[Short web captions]

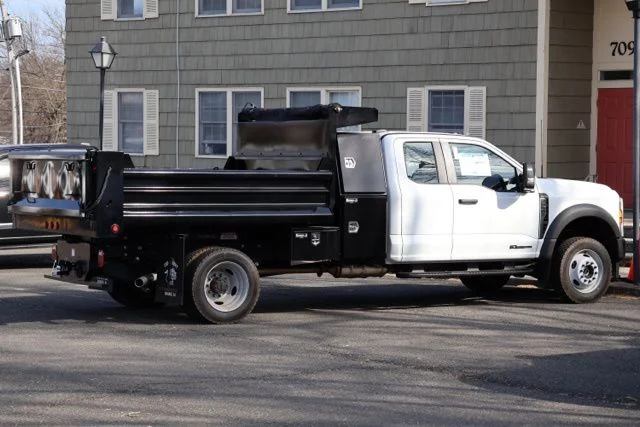 New 2026 Oxford White Ford F-550® XL image 4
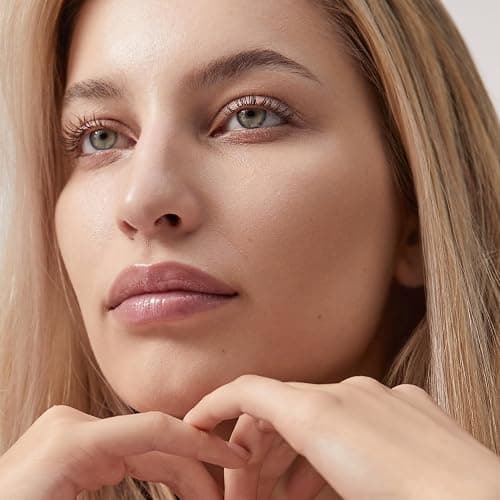 Summer Fridays Sheer Skin Tint - Skin Tint with Hyaluronic Acid - Helps Diminish Uneven Skin Tone - Sheer to Light Coverage - Shade 2 - Light with Cool Undertones (1 Fl Oz) thumbnail 4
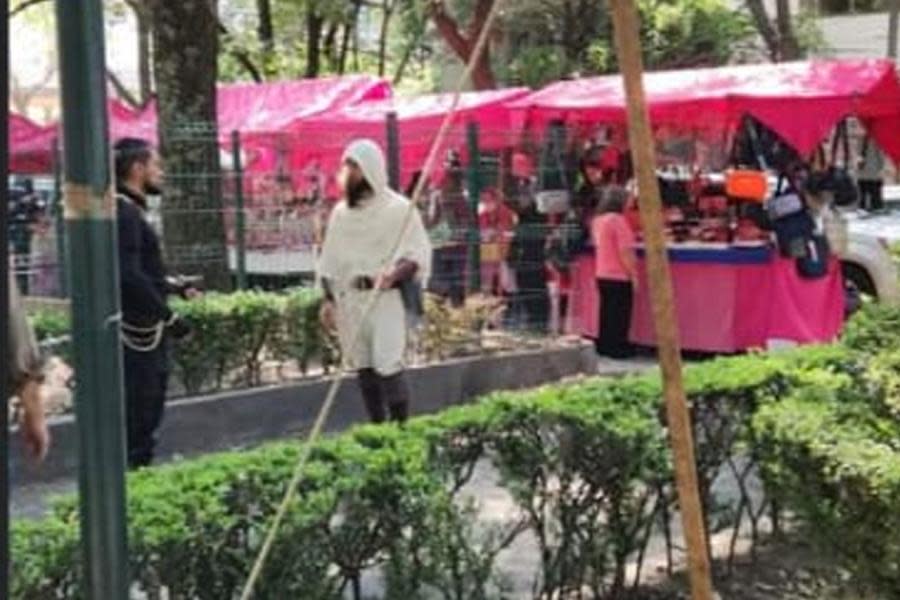 Descubren misterioso rodaje de Assassin’s Creed en tianguis de México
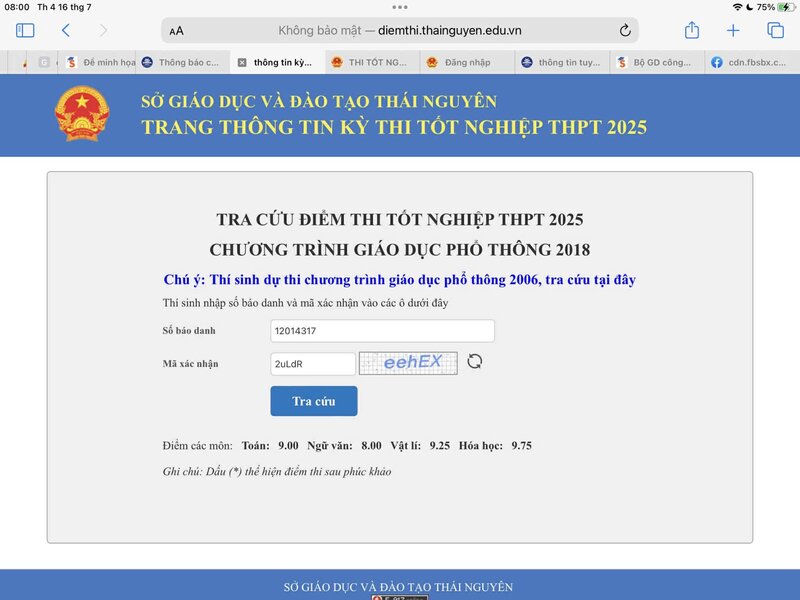 Diem thi tot nghiep THPT cua Huy Bach. Anh: Duc Van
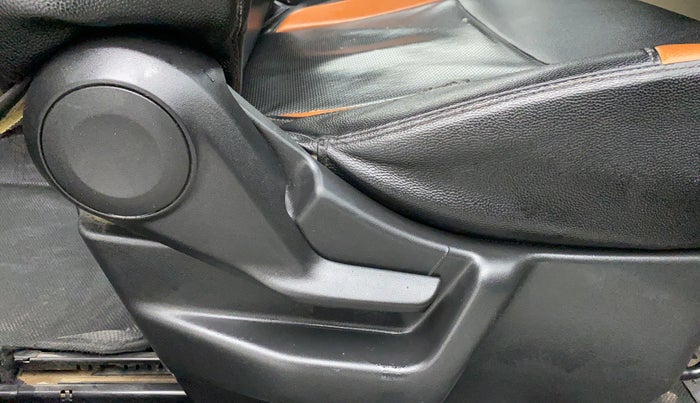 2019 Maruti New Wagon-R LXI CNG 1.0 L, CNG, Manual, 81,578 km, Driver Side Adjustment Panel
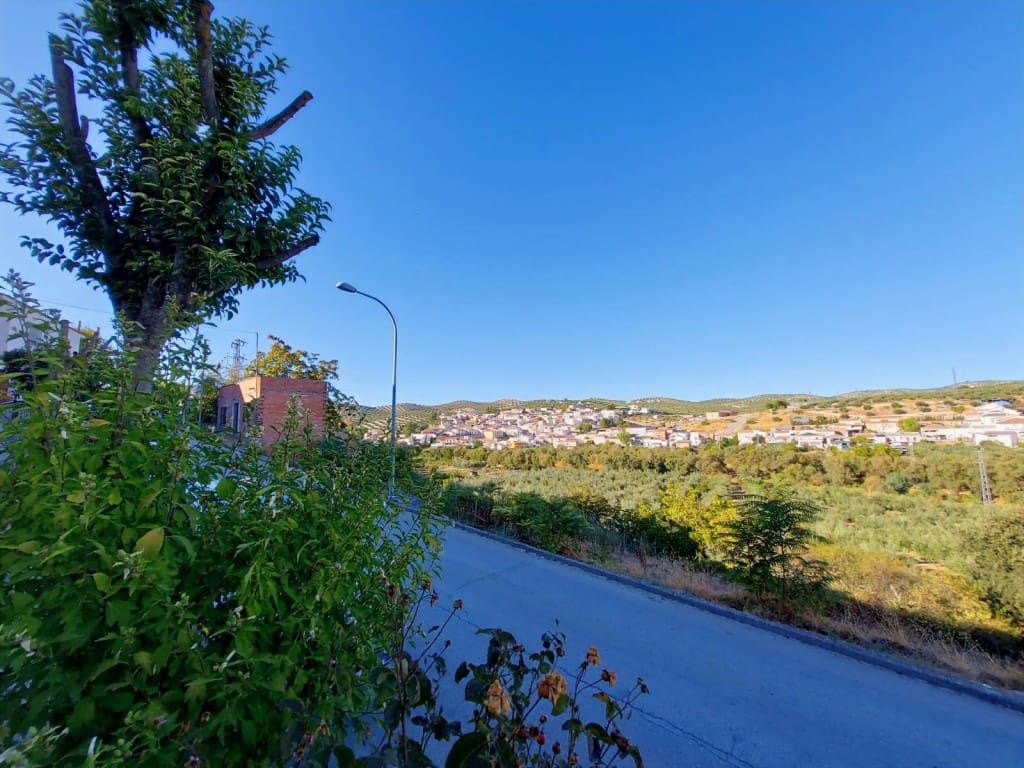 4 soveværelse Byhus til salg i Noguerones med swimmingpool - € 60.000 (Ref: 10162373)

ABOUT THIS TASK: In the copy, no picture may appear; the records themselves must be output exactly.

RESULT:
 New 2026 Oxford White Ford F-550® XL image 4
 Summer Fridays Sheer Skin Tint - Skin Tint with Hyaluronic Acid - Helps Diminish Uneven Skin Tone - Sheer to Light Coverage - Shade 2 - Light with Cool Undertones (1 Fl Oz) thumbnail 4
 Descubren misterioso rodaje de Assassin’s Creed en tianguis de México
 Diem thi tot nghiep THPT cua Huy Bach. Anh: Duc Van
 2019 Maruti New Wagon-R LXI CNG 1.0 L, CNG, Manual, 81,578 km, Driver Side Adjustment Panel
 4 soveværelse Byhus til salg i Noguerones med swimmingpool - € 60.000 (Ref: 10162373)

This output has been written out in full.